The Brazilian Bombshell

Starting today and continuing for the next 364 days, in addition to chronicling the adventures of The “Writer”, I will be including a sketch and brief description of my favorite human beings. Spanning the globe, the arts, sciences, politics and other fields of human endeavor, my choices may be some of your own heroes and heroines or more of the local homegrown variety. My aim is to provide entertainment and edification, recognition to folks who deserve it, and hopefully, more readership for my blog.

The LSL* thinks I am biting off more than I can chew with this project. I am aware that there will be days when sickness, family drama, travel, computer problems and such, will make continuity difficult. But if I knock out more than one a day on the days when I’m feelin’ it a little more than usual, I should be OK for those problematic times. We’ll just have to see, won’t we?

Why am I doing this? Because like the little engine, I think I can. Also because I am making another desperate attempt to get more folks interested in my little corner of the Blogosphere. Hopefully you’ll want to check in from time to time just to see who the Hero Du Jour will be. Please feel free to comment on my choices or suggest future ones.

You may think the first choice is a strange one, but it’s mostly a matter of convenience, since I already had it finished before I even got the idea for this effort. Carmen Miranda, the Brazilian Bombshell (actually born in Portugal), surged to popularity during the 40’s when Hollywood was developing an infatuation for things and people from South of the Border, to become one of the highest earning box office attractions of the era. Her flamboyant, fruity attire brought her iconic recognition and established her as a frequent choice for Halloween costumes to this day. I would include a photo of the LSL as Carmen Miranda at an 80’s Halloween party, but I’m so sure she would forbid it that I’m not even going to ask. You’ll just have to take my word when I assure you that she was much prettier and sexier than CM ever thought of being.

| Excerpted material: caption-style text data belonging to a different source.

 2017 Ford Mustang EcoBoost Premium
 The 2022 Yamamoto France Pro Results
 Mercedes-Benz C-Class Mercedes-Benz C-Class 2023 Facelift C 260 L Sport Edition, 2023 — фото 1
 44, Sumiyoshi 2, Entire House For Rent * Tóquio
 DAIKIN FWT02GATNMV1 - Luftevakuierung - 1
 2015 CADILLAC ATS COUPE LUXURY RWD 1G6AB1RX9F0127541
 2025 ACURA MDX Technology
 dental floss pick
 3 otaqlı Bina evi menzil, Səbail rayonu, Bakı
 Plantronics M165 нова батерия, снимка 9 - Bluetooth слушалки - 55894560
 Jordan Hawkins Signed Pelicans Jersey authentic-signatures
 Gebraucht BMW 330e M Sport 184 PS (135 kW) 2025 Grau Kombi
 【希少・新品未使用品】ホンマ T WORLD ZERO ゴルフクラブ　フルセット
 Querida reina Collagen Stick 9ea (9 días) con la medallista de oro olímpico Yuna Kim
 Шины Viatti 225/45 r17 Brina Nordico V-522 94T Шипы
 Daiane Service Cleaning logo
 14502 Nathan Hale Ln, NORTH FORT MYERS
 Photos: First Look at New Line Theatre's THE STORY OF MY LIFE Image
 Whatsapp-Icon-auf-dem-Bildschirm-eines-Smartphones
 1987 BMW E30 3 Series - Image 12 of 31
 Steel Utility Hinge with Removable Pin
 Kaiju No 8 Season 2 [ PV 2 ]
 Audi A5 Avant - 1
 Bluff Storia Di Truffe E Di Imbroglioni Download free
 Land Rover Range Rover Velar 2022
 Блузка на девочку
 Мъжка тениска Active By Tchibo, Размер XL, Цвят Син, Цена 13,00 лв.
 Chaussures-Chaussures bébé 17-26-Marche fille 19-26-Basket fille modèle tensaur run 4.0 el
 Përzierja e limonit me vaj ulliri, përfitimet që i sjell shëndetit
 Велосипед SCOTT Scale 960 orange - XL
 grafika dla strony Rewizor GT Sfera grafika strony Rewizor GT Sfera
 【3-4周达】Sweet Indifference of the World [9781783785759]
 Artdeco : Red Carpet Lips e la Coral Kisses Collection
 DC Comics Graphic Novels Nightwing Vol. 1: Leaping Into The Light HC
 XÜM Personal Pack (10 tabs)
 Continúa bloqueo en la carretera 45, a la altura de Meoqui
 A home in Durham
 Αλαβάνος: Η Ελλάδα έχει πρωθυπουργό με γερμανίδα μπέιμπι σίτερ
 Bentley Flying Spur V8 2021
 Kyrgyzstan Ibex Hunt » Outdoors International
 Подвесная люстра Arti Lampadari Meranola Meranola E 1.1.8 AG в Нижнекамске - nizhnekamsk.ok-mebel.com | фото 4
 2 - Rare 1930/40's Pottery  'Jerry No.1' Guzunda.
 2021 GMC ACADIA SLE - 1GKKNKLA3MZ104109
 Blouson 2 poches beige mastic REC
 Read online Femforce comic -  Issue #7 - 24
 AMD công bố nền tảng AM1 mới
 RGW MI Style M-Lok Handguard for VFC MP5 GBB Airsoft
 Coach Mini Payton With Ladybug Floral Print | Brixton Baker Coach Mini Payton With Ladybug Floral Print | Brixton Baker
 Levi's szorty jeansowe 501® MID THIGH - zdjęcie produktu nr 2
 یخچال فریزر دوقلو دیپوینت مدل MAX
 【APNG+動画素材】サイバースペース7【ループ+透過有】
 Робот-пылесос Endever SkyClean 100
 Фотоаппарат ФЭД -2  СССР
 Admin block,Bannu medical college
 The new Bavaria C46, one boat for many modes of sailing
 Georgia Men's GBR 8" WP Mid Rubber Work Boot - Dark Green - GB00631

*LSL- Long-Suffering Lovely, My Wife.


Unfinished sketch recovered from the ruins of the "Writer's" mobile mansion depicting the secret command center where most of his reality-crafting went on.

It is hoped that the inclusion of the following historical documents released by the “Writer’s” family for use in this blog, will give the reader some needed background to flesh out a picture of the personality and motivations that drive this enigmatic superhero.

I read a lot these days, fiction, non-fiction, graphic novels, biographies. I’ve noticed that many of the better writers can recall vivid details from the most mundane events to add depth and authenticity to their work. I am at a distinct disadvantage here because there are many long periods in my life when I must not have been paying attention . Maybe my childhood was just too normal to hold my interest. I have a pretty good idea why most of the sixties through mid eighties are hazy. Yet I still burn with the need to entertain and be entertained.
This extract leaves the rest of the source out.